Black Hills Corp. (BKH)
Q1 2010 Earnings Call
May 06, 2010
Jason Ketchum - Director, IR
Dave Emery - Chairman and CEO
Tony Cleberg - EVP and CFO
Ella Vuernick - RBC Capital Market
Chris Ellinghaus - Shields & Company
Jack Moore - Harpswell Capital
Jeff Gildersleeve - Millennium Partners
Tim Winter - Gabelli & Company
James Heckler - Levin Capital Strategies
Vedula Murti - CDP US
Previous Statements by BKH
» Black Hills Corp. Q4 2009 Earnings Call Transcript
» Black Hills Corporation Q4 2008 Earnings Call Transcript
» Black Hills Corporation Q2 2008 Earnings Call Transcript
Good day ladies and gentlemen, and welcome to the Black Hills Corporation first quarter 2010 conference call. My name is Janeda and I will be your coordinator for today. At this time, all participants are in a listen-only mode. Following the prepared remarks there will be a question-and-answer session. (Operator Instructions) As a reminder, this conference is being recorded for replay purposes.
I would now like to turn the presentation over to Mr. Jason Ketchum, Director of Investor Relations of Black Hills Corporation. Please proceed, sir.
Thank you, Operator. Good morning, everyone. Before I turn the call over to our Chairman and CEO, Dave Emery, I need to remind you that during the course of this call some of the comments we make may contain forward-looking statements as defined by the Securities and Exchange Commission and there are a number of uncertainties inherent in such comments. Although we believe that our expectations and beliefs are based on reasonable assumptions, actual results may differ materially.
We direct you to our earnings release, Slide 2 of the investor presentation on our website, and our most recent Form 10-K and Form 10-Q filed with the Securities and Exchange Commission for a list of some of the factors that could cause future results to differ materially from our expectations.
I will now turn the call over to Dave Emery.
Thank you, Jason. Good morning, everyone. Thanks for joining my call today. I will be referring to the webcast presentation that was posted last night and so for those of you who have it, I’ll try mention slide numbers so you can follow along. And for those of you who don’t, I don’t think that will be a problem, the information is essentially contained in the press release for the most part.
Starting on Slide 5, we’re off to a really good start in the first quarter of 2010, basically a 23% improvement in income from continuing operations over the first quarter of 2009; $0.81 per share as opposed to $0.66. So, things are off to a good start in all of our companies essentially.

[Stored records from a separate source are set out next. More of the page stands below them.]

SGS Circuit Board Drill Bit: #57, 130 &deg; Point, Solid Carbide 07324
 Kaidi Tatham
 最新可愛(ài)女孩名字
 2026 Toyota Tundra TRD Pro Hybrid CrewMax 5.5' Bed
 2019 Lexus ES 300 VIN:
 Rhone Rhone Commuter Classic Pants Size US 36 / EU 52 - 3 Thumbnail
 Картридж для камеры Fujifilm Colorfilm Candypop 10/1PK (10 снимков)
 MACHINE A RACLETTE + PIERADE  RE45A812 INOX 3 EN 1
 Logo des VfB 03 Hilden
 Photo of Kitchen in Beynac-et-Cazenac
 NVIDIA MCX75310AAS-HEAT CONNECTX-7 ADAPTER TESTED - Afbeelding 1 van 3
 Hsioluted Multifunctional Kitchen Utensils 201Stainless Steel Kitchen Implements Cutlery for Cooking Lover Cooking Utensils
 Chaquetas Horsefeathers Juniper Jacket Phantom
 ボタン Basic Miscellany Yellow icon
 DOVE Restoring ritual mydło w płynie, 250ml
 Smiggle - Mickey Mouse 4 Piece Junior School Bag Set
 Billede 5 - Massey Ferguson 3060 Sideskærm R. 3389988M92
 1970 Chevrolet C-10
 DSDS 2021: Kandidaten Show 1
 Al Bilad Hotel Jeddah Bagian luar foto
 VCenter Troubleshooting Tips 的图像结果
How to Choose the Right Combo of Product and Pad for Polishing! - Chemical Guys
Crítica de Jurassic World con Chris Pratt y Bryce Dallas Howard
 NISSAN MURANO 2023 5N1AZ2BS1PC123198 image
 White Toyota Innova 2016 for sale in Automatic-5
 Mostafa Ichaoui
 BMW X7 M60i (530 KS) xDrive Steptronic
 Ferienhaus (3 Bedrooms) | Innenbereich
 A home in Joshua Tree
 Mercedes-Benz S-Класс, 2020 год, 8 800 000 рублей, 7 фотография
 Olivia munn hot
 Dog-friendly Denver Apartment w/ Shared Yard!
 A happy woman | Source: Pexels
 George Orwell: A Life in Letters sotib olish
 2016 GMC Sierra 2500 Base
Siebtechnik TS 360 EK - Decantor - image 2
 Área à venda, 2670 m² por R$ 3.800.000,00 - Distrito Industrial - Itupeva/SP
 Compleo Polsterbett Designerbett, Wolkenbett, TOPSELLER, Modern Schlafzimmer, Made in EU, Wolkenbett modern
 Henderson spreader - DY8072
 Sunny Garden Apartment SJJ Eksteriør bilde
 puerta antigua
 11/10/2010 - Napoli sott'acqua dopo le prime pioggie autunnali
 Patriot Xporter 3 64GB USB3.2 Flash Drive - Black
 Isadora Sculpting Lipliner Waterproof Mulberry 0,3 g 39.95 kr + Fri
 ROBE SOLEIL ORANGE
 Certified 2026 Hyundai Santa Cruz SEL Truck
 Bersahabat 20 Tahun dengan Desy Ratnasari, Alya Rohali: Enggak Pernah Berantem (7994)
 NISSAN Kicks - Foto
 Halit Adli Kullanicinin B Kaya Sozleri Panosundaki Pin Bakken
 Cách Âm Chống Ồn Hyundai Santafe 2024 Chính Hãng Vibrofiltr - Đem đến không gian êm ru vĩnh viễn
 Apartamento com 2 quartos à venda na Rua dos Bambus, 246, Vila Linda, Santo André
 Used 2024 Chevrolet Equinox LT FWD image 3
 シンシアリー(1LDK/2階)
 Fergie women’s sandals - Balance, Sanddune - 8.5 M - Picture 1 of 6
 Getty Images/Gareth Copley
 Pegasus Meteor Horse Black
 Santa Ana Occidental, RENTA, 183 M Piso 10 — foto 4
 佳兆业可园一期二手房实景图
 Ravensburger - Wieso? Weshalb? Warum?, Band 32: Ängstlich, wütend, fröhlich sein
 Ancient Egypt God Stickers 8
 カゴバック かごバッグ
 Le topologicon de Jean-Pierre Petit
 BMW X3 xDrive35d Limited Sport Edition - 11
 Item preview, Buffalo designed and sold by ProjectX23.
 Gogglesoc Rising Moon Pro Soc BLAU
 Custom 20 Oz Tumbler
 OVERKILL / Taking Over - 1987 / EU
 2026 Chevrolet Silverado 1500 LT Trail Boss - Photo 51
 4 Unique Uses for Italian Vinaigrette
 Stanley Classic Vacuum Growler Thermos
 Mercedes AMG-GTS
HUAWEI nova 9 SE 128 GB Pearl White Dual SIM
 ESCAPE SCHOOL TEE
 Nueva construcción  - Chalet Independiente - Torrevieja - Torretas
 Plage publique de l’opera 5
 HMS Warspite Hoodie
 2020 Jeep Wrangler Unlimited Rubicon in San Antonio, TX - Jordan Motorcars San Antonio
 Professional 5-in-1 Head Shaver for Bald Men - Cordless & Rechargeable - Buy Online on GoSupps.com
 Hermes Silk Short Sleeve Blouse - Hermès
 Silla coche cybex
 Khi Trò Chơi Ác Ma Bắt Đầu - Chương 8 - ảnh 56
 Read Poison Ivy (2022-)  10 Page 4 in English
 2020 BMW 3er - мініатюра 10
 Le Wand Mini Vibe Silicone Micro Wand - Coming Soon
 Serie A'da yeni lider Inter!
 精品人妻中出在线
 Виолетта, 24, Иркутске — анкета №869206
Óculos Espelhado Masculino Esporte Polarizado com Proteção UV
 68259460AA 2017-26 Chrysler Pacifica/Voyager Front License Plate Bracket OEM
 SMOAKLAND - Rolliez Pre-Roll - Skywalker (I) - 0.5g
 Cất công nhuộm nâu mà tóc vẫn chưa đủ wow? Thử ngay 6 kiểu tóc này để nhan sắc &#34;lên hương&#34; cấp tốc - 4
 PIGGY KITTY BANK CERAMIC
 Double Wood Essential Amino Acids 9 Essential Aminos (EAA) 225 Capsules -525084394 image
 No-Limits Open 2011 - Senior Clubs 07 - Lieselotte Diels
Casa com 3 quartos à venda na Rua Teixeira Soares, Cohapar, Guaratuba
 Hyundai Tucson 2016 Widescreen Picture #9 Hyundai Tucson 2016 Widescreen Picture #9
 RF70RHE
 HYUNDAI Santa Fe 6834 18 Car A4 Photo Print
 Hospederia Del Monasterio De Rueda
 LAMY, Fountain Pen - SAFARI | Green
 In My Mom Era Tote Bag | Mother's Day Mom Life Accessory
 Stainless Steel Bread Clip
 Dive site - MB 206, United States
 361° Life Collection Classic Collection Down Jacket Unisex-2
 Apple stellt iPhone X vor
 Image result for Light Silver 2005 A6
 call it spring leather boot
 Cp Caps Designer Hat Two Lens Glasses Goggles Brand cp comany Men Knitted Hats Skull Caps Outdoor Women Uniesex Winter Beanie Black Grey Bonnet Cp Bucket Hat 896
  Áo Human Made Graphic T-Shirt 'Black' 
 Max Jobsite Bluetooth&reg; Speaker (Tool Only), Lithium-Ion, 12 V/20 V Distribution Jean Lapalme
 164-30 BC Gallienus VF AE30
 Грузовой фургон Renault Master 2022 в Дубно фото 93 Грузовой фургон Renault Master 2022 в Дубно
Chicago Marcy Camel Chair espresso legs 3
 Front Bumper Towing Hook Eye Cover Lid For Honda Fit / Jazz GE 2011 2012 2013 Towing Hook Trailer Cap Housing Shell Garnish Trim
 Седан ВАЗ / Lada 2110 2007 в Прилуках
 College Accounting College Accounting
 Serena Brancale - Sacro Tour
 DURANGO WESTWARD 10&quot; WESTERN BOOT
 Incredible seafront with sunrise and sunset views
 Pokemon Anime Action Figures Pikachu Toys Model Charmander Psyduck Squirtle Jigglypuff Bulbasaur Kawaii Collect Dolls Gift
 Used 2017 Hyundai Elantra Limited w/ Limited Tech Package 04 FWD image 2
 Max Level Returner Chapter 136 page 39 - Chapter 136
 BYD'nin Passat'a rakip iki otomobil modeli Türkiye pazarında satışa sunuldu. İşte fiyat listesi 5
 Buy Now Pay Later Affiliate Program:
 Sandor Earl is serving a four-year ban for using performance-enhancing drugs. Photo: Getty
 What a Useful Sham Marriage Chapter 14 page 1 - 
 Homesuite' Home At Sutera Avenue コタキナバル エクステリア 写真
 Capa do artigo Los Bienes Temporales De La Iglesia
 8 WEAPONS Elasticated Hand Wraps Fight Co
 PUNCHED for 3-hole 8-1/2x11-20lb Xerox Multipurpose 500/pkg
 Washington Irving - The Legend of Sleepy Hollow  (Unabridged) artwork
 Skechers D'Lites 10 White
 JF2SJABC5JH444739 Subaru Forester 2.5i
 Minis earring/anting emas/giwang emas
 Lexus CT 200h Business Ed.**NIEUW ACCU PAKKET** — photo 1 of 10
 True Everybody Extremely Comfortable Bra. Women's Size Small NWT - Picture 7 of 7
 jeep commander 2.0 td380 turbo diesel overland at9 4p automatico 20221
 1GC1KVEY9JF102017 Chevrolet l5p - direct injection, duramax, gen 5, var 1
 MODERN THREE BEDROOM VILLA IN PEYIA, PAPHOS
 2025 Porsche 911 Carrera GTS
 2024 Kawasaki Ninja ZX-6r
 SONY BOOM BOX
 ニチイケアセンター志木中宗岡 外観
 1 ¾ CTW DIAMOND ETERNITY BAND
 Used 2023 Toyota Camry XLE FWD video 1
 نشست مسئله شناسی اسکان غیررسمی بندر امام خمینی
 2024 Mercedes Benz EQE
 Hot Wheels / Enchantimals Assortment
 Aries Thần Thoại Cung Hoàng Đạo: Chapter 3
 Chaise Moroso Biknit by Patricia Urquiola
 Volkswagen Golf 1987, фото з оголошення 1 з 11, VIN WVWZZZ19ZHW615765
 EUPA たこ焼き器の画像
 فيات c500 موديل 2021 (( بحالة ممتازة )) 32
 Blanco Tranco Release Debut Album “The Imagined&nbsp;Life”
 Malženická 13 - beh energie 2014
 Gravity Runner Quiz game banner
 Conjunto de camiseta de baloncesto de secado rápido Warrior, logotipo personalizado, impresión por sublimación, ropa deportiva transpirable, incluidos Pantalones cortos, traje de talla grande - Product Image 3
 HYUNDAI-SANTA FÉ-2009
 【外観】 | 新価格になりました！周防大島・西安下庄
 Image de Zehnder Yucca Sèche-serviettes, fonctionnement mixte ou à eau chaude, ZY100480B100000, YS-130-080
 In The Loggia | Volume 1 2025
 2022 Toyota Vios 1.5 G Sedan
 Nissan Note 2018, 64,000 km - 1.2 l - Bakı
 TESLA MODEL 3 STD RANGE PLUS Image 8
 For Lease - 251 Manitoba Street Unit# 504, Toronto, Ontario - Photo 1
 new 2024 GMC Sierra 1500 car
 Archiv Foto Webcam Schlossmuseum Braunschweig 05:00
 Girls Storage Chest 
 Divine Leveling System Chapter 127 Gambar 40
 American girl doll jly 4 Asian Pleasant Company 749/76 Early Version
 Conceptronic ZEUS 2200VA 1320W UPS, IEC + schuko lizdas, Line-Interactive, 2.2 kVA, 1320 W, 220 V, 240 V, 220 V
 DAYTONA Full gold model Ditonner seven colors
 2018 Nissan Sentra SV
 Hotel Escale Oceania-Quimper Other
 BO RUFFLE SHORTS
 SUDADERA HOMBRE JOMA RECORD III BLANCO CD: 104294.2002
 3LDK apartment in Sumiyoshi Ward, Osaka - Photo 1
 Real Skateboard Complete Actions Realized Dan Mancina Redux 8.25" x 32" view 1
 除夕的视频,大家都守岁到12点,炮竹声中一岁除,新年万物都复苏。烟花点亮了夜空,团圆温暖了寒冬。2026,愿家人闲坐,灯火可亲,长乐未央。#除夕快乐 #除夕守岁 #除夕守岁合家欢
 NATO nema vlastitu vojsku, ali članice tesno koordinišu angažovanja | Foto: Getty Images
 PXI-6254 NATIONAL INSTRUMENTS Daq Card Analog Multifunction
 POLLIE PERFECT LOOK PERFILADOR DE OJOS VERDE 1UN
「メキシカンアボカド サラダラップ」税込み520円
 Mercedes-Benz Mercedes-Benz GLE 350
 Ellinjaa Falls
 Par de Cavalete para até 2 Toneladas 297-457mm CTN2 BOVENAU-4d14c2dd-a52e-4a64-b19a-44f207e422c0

On the utility side, up several million dollars over the prior year, several things led to that. Gas utilities did very well, and we’re continuing to work on our efficiencies there. We also had colder than normal weather in some of our territories, which helped. On the electric side our off-system sales of excess electricity improved this year over last year despite continued lower natural gas prices, and that improvement was primarily driven by several other plant outages in the region which allowed us to have a little bit stronger local markets to sell our excess energy to.
Another item that contributed on the gas utility side was a small gain on sale related to our gas property in Nebraska that was annexed into the city of Omaha, and we had to then essentially sell that territory to the municipal utilities district in Omaha. So there was a gain on the sale recognized from that transaction as well.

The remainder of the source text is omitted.